REPUBLIKA.CO.ID, JAKARTA – Berbagai perilaku curang dilakukan manusia untuk mengelabui hukum. Satu di antara perbuatan curang untuk mengelabui hukum adalah pura-pura masuk Islam menjadi mualaf untuk bisa menikahi pasangan beda agama.
Sebagaimana diketahui, larangan nikah beda agama sejatinya telah dilarang secara tegas dalam Surat Edaran Mahkamah Agung (SEMA) Nomor 2 Tahun 2023 dan Fatwa Majelis Ulama Indonesia (MUI) VIII/16/Ijtima Ulama/VIII/2024. Untuk mengelabui hukum pelarangan ini, ada orang yang rela pura-pura memeluk Islam, pura-pura beriman kepada Allah SWT dan Rasul-Nya.
Menanggapi hal tersebut, Ketua Majelis Ulama Indonesia (MUI) Bidang Fatwa, KH Asrorun Ni’am Sholeh menegaskan bahwa nikahnya tidak sah jika ada orang pura-pura memeluk Islam agar bisa menikahi pasangan Muslim.
"Nikahnya enggak sah, itu masuk penipuan, dan hukumnya haram," kata Kiai Niam kepada Republika.co.id, Rabu (31/7/2024).
Kiai Niam menjelaskan, pernikahan itu ibadah, harus dilakukan sesuai dengan ketentuan agama. Untuk tujuan membangun keluarga yang sakinah penuh cinta kasih.

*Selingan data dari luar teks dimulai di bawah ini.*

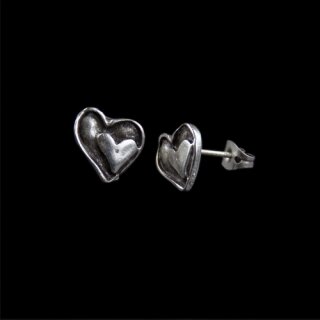 Heart stud earrings, 1,0x1,0 cm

"Bagaimana mungkin tujuan pernikahan dapat tercapai kalau prosesnya sudah dilakukan dengan melanggar hukum, penipuan, pemalsuan dan tipu muslihat," ujar Kiai Niam.

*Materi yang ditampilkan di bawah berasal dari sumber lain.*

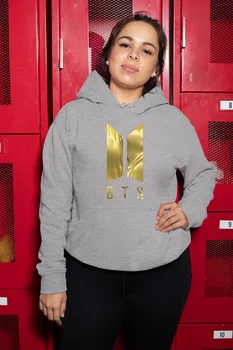 

Angemiel Wear BTS Korean Gray Women 'S Hooded Sweatshirt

Sebelumnya, diberitakan Republika.co.id pada Selasa (30/7/2024), Mahasiswa Magister UIN Sunan Kalijaga Yogyakarta, Andre Afrilian mengungkap praktik untuk mensiasati larangan kawin beda agama yang berlaku di sejumlah masyarakat.

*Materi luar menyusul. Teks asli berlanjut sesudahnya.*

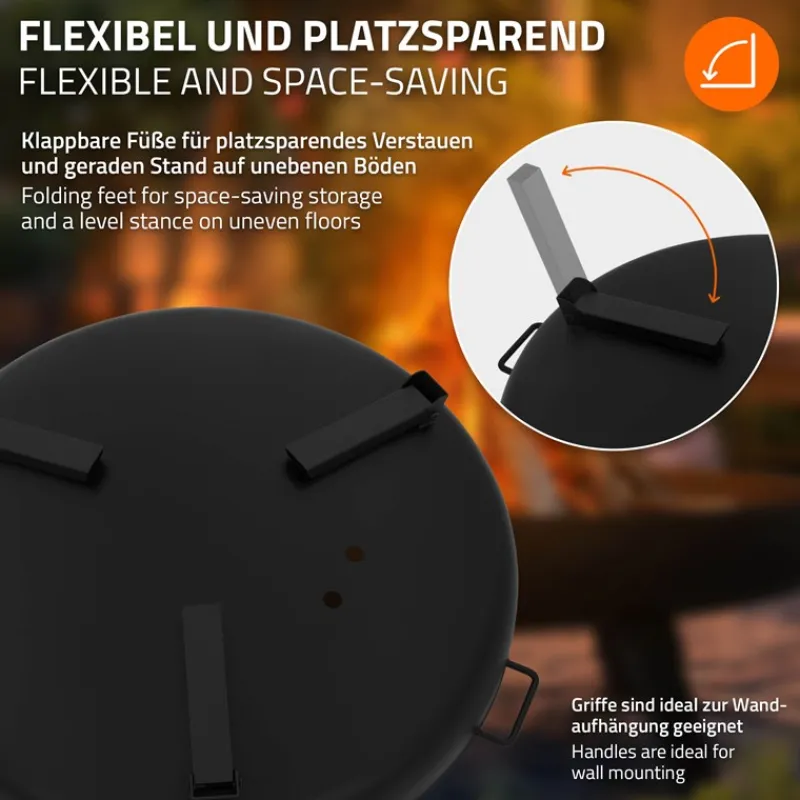 Feuerschale 70 cm mit Dreibeingestell und klappbaren Füßen Stahl Feuerkorb-ECD Germany Clearance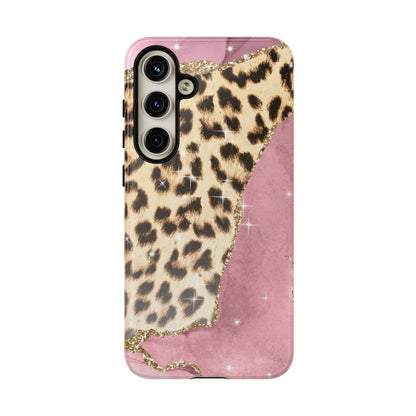 Pink Glam Leopard - Samsung Galaxy Series Case with Glitter Accents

Hal itu dia ungkap saat memaparkan kajiannya dalam perhelatan Annual Conference on Fatwa MUI Studies (ANCF) 2024 yang digelar MUI di Jakarta, Sabtu (27/7/2024) lalu.
Andre mengatakan, SEMA tersebut menekankan kepada para hakim untuk tidak mengabulkan ke pengadilan agama maupun pengadilan negeri.
Baca juga: Lantas Benarkah Kakek Habib Luthfi Bin Yahya Pekalongan Termasuk Pendiri NU?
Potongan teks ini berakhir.